The lights are much brighter there, you can forget all your troubles, forget all your cares, and go downtown where all the lights are bright, downtown.
When Petula Clark sang that song in the early 1960s, she probably had no idea that 30 years later city developers would give their right arm to get citizens to follow her advice and come downtown - even in Provo."Downtown is a changing, multifaceted center," said Gary Golightly, Provo Economic Development director. "It is no longer a major retail center. We need to recognize its different components and that it can be something bigger and better."
At this week's council study session, Golightly introduced a draft of Provo's approach to making downtown a place to invest and locate. The draft is a comprehensive development strategy for downtown from 1989 to 2000.
"This is not a blueprint," he said. "It's really food for thought - a motivator to help us start thinking why things are the way they are and the way to make changes."
Using a five-pronged approach, the proposal states that the city needs to address the major attitudes of perception, invest in infrastructure, realize downtown's functional and exploitable components, improve its image and sell downtown Provo.
Two perceptions the city must face are that downtown Provo is dying and that a single project will resurrect downtown. People believe downtown is dying when they see retail businesses move to shopping malls and centers leaving empty buildings and lots.
But Golightly said it is necessary to recognize that downtown Provo is the business, professional, financial, governmental and cultural center of the region - even if it's not the retail center of the community.

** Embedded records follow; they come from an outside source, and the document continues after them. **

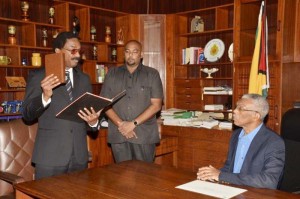 Legal Affairs Minister, Mr. Basil Williams takes the oath as Attorney General.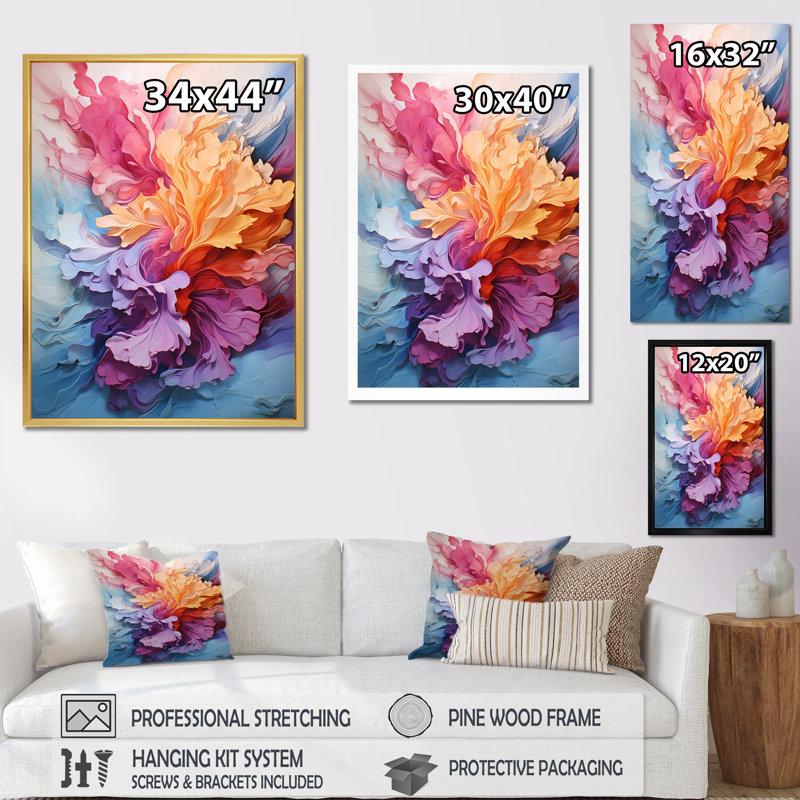 Rainbow Tides Abstraction - Rainbow Canvas Prints, Wrapped Canvas, 32" H x 24" W x 1" D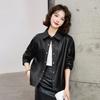 Spring and Autumn new leather jacket women's fashion casual loose and thin single-breasted leather jacket trendy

A single project will not resurrect downtown. For years Provo was waiting for a major retail project, but that is not going to happen and the city must take an incremental approach to build downtown.

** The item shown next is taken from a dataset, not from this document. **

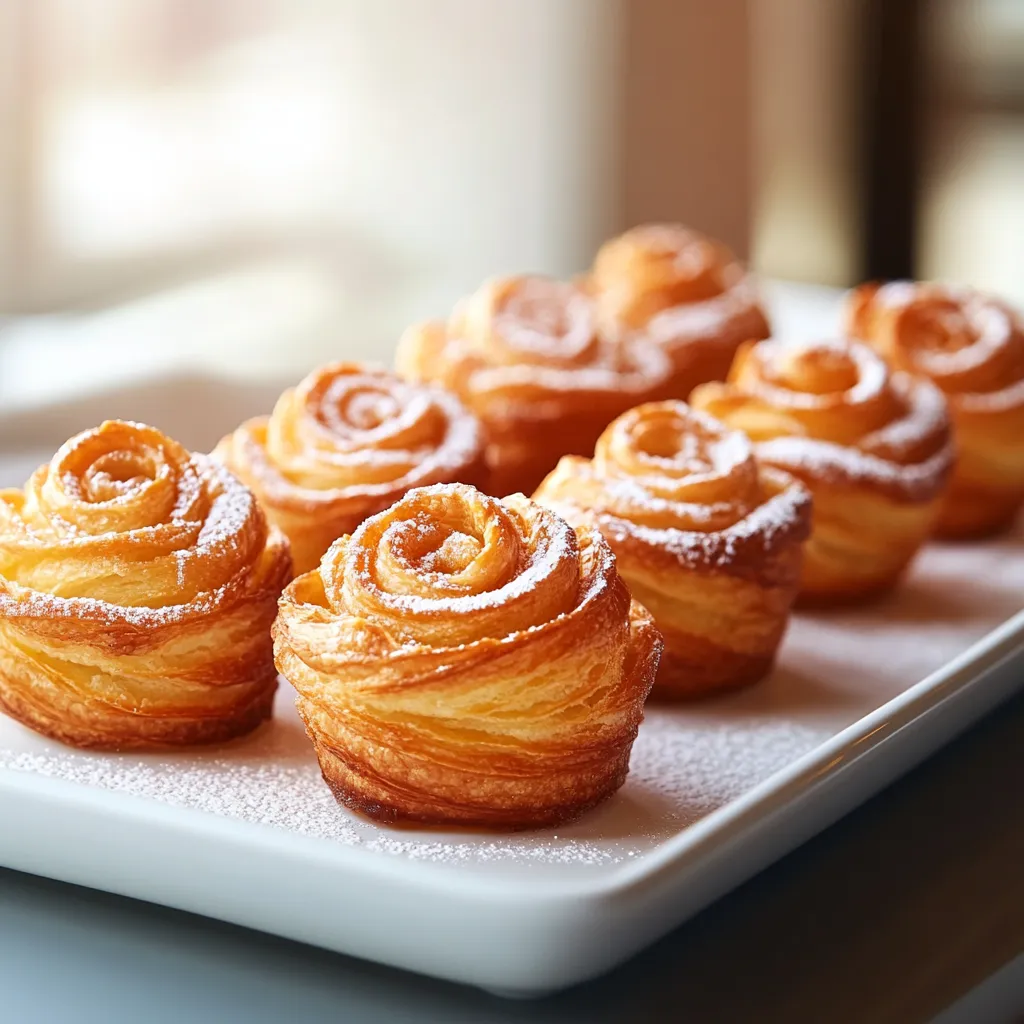 A plate of pastries with powdered sugar on top.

Eliminating parking meters, investing in an overall parking master plan, increasing security and lighting and cleaning up vacant store fronts and alleys are a few needed steps.
"One thing stronger than words is action," Golightly said. "We must do what is necessary to incrementally move downtown Provo forward."
Council member Anagene Cottrell said more residents would be attracted to downtown if it were cleaner. "I'd be willing to put tax dollars into it. Even some store owners do not have enough pride to keep it clean."
The city should invest in its infrastructure by evaluating the physical condition of its streets, sidewalks, curbs, parking lots and landscaping, the proposal states.
"There is an obligation to maintain this publicly-owned property if we want private owners to maintain their property," Golightly said.
If Provo encourages dense development, it must also require parking garages, he said. The city must provide for some of the construction of public garages and/or other parts of the project.
Downtown Provo is essentially an employment function, he said. "Its economic impact for the future - through accommodating new jobs and businesses and enhancement of in-place investment - serves as a cornerstone for the future of downtown Provo."
Developers say that downtown is nothing more than a mirror image of its people, and to improve its image those that work or have a business downtown need to promote the area as they conduct their day-to-day business.
To sell downtown, "we must have a coherent vision of downtown revitalization," Golightly said.
The economic development office plans to recruit new stores to provide a balanced retail mix, convert unused space into housing, offices, entertainment, light manufacturing or cultural facilities and improve the competitiveness of existing business owners.
The office must also create attractive public/private financing mechanisms and use existing financial tools to maximum benefit.
The city will be placing emphasis on revitalization and occupation of the Kress and Penney's buildings.
Golightly said downtown Provo should be sold on its regional appeal, since it is the largest city between Salt Lake and Las Vegas and between Denver and the West Coast. Such a sales point may attract companies considering regional domination to locate in Provo.
Mayor Joe Jenkins agreed. "Downtown is really starting to turn around. It is going to be very successful."